- [RECORDED INFORMATION]:
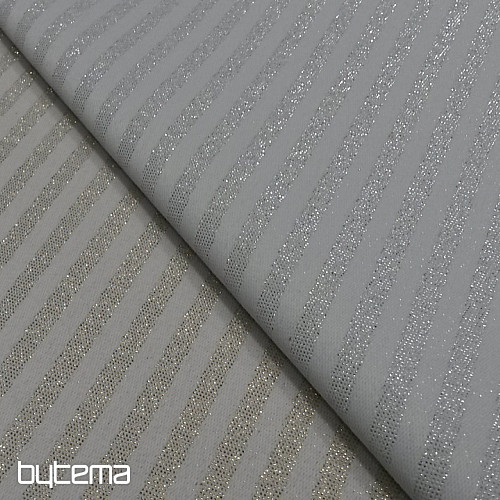 Tissu jacquard déco PRUHY argent nature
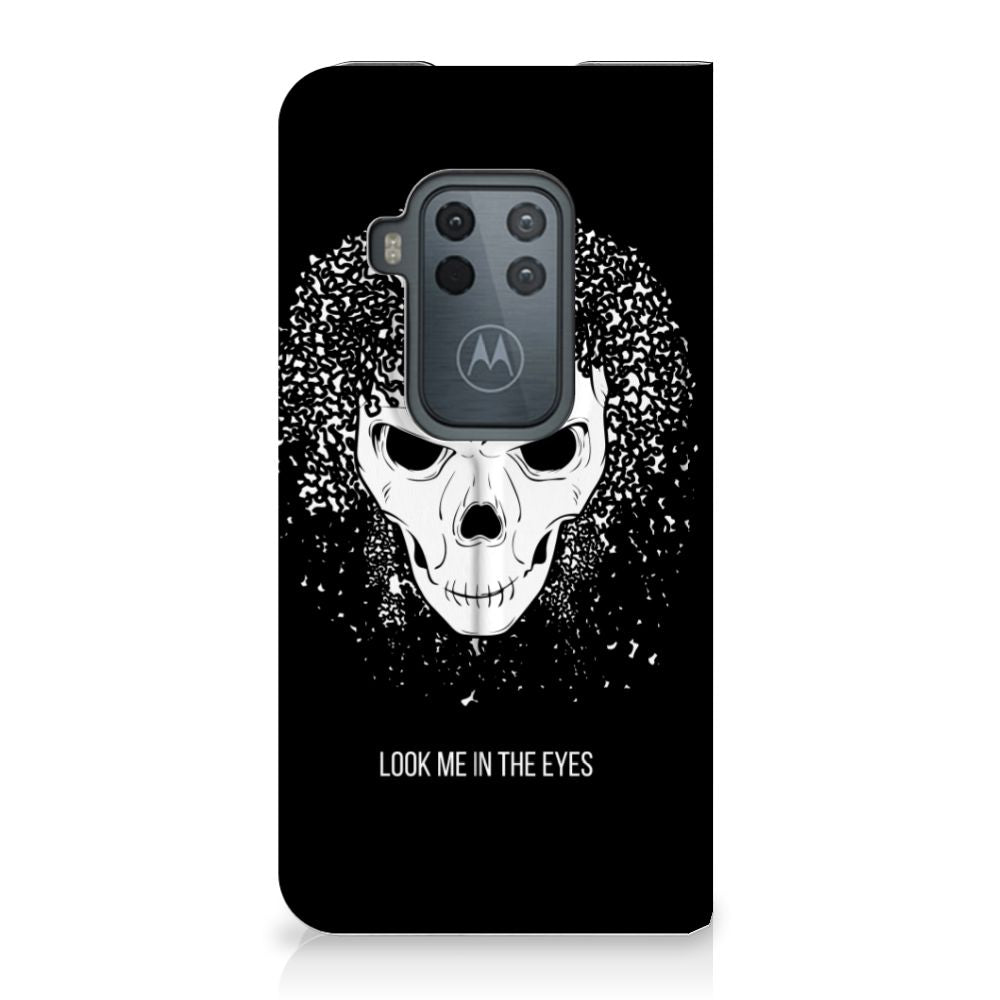 Mobiel BookCase Motorola One Zoom Skull Hair - B2C Telecom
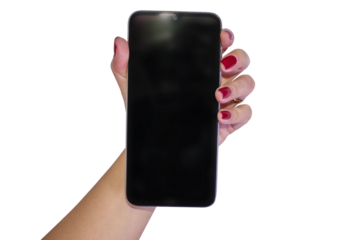 hand holding smatphone to selfie with transparent background	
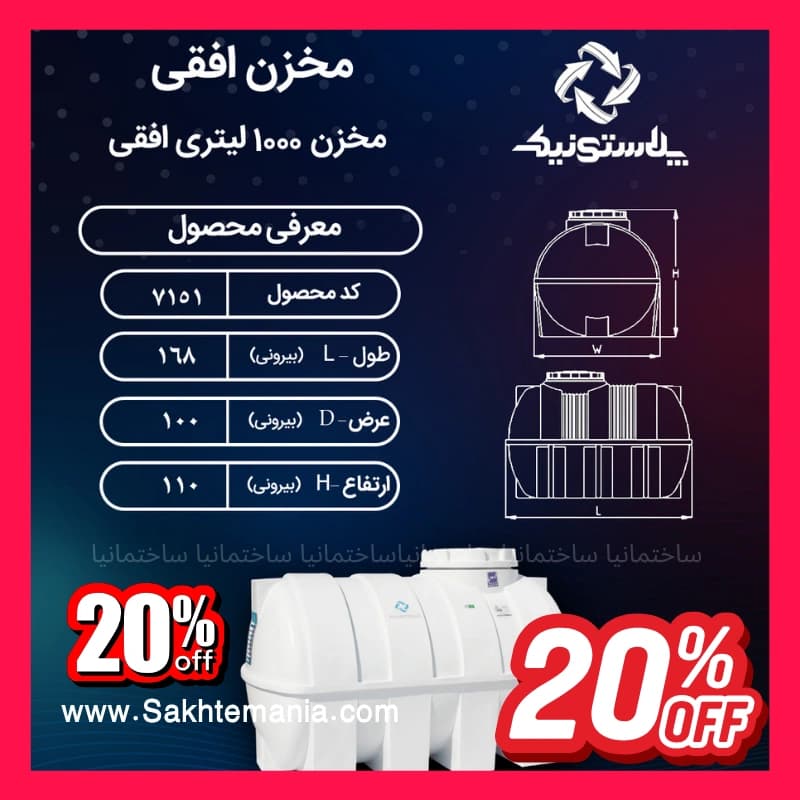 منبع 1000 لیتری سه‌لایه پلاستونیک افقی | قیمت خرید ارزانترین مخزن آب 1000 لیتری پلاستونیک- نمایندگی تهران کرج دماوند — تصویر ۲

- [BRIEF]:
Every line of the listing should be repeated exactly; no picture should appear.

- [ANSWER FOR THIS EXERCISE]:
 Tissu jacquard déco PRUHY argent nature
 Mobiel BookCase Motorola One Zoom Skull Hair - B2C Telecom
 hand holding smatphone to selfie with transparent background	
 منبع 1000 لیتری سه‌لایه پلاستونیک افقی | قیمت خرید ارزانترین مخزن آب 1000 لیتری پلاستونیک- نمایندگی تهران کرج دماوند — تصویر ۲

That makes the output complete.